SEO top tip: Don’t neglect those HTTP status codes
Having recently read a post on Google Webmaster Central regarding how to prepare your site for planned downtime, I was reminded once again how much neglect there is around HTTP status codes.
The HTTP status code is a number returned by the web-server to the client (browser) to indicate what the outcome is of requesting a resource (most commonly a web-page). These are the same status codes that govern redirects being referred to as 301s or 302s. Some of the most common SEO problems on web-sites come from inappropriate configuration of the web-server resulting in the wrong codes being returned. The status is returned in the HTTP headers so most users require some sort of tool in their browser to view it. Non-browser clients, such as Googlebots use HTTP header information much more than regular users.
I thought it might be useful to list some of the most common status codes, what they mean and then talk through a couple of typical problems when misusing them.
(Taken from HTTP 1.1 standard RFC 2616)
200 OK – Your request was successfully processed and the returned data corresponds to that request
301 Moved Permanently – This is a status code telling the client the resource they’re looking for has permanently moved to another location (and this is provided in the “Location” field of the HTTP headers)
302 Found – More commonly known as a temporary redirect, these are to indicate to the client that the resource they’re requesting is elsewhere but this may change soon.
304 Not Modified – This is used to indicate if a resource has not changed since the client last requested it. This is extensively used to indicate to clients that a cached version of this resource should be used if it has it.
400 Bad Request – This is the response from the web server if the request was not understood, if the URL had some unexpected parameters for example.

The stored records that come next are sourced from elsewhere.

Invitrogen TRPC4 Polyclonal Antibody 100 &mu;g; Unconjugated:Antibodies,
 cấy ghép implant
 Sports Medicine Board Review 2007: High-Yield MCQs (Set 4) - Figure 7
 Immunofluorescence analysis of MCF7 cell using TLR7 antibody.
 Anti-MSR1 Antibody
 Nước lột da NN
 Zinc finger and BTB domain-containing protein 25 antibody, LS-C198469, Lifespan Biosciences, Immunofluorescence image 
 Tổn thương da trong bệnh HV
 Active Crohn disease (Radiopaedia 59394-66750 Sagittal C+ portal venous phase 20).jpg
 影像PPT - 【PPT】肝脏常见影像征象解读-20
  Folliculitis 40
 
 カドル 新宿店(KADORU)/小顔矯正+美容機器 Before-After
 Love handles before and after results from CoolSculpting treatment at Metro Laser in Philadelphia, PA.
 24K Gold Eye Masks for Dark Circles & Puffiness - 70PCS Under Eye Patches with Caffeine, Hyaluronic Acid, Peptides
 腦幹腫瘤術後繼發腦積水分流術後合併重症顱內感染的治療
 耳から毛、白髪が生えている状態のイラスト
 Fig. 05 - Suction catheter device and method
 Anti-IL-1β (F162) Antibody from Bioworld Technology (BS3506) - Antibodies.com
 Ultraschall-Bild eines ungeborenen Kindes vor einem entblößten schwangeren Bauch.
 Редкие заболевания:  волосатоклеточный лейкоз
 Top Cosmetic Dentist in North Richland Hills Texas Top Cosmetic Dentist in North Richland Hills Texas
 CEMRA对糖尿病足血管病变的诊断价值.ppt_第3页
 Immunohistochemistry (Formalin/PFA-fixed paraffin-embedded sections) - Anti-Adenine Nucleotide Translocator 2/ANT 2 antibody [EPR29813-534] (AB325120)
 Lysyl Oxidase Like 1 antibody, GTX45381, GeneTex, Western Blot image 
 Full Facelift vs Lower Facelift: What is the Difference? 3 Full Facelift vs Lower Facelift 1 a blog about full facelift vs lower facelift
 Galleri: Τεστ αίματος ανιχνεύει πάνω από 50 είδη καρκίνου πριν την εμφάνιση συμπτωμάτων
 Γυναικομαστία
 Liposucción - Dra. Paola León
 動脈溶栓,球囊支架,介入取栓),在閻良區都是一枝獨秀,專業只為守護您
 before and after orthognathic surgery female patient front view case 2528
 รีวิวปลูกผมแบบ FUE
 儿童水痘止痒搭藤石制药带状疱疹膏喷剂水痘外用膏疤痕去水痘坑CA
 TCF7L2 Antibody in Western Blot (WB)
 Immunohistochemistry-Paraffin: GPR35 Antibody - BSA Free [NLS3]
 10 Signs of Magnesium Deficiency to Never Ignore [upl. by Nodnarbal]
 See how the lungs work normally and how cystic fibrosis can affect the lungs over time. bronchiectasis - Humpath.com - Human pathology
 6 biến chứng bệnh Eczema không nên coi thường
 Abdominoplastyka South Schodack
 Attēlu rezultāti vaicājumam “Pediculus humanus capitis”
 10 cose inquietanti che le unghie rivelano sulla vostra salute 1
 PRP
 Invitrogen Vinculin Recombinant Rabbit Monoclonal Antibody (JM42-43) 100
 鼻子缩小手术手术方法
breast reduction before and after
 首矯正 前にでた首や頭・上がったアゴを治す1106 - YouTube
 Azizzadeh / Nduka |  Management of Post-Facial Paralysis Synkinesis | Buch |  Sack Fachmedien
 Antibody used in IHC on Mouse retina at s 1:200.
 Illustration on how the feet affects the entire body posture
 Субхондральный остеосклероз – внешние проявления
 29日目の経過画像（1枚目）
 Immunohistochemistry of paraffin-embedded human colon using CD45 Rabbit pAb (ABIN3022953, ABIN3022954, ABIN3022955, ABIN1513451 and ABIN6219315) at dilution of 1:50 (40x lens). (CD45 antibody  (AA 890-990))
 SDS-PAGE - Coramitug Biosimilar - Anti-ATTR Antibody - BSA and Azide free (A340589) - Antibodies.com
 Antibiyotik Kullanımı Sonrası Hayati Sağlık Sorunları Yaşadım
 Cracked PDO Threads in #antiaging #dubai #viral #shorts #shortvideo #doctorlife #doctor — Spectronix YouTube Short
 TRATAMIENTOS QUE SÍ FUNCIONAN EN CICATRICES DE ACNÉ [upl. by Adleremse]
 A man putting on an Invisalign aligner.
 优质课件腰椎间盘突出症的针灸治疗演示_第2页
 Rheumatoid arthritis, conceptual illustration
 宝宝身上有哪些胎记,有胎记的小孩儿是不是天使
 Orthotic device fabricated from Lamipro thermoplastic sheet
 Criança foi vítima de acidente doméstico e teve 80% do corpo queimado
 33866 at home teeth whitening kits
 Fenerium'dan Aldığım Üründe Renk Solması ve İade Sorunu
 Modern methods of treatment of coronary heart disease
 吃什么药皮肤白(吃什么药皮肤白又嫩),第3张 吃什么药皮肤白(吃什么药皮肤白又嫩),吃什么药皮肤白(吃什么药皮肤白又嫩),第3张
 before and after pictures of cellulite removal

401 Unauthorized – This is the response given when trying to access a location which requires the user to be logged in. This response should also be given if the client fails authentication.
403 Forbidden – The server has understood the request but is refusing to fulfil it. This is often accompanied with an explanation as to why.
404 Not Found – A common response, used by the server that it has understood the request but there is nothing to return, i.e. it’s not found the resource. This is used mainly when the server doesn’t want to indicate why or whether this condition is permanent.
500 Internal Server Error – If you see this response it’s because something the server is running (some code) has terminated in an unexpected way.
501 Not Implemented – Servers don’t only respond to ‘GET’ requests (most common) but also methods such as ‘POST’, most commonly used in form submissions. Not Implemented is returned when the server does not support the requested method.
503 Service Unavailable – Often used to indicate that the load on the server is currently too high to respond to the request, sometimes this will come with a ‘please try in…x’ message for the client.
There are some very well known misuses of HTTP status codes; the one we probably see most frequently is the use of 302 instead of 301. This is a problem because Googlebots regards 302s as temporary and therefore don’t index the resulting content. This occurs frequently because certain web-servers (notably Microsoft IIS) have redirects configured to be 302 by default.
More recently I’ve come across the common issue of a site working in the eyes of a user but returning the wrong HTTP status code. In this particular case the site was configured to have an error (404) page when a strange URL was entered but this returned a 200 OK status. This means that all broken or expired links go to unique pages which contain exactly the same content; I’m sure you can imagine the knock on effects of this.
Correct status codes shouldn’t be used only for search engine spiders but for all web clients, they facilitate many automated operations done over HTTP and in my experience they’re one of the factors that indicates if a site was built by a web-developer or an application-developer asked to build a web-site.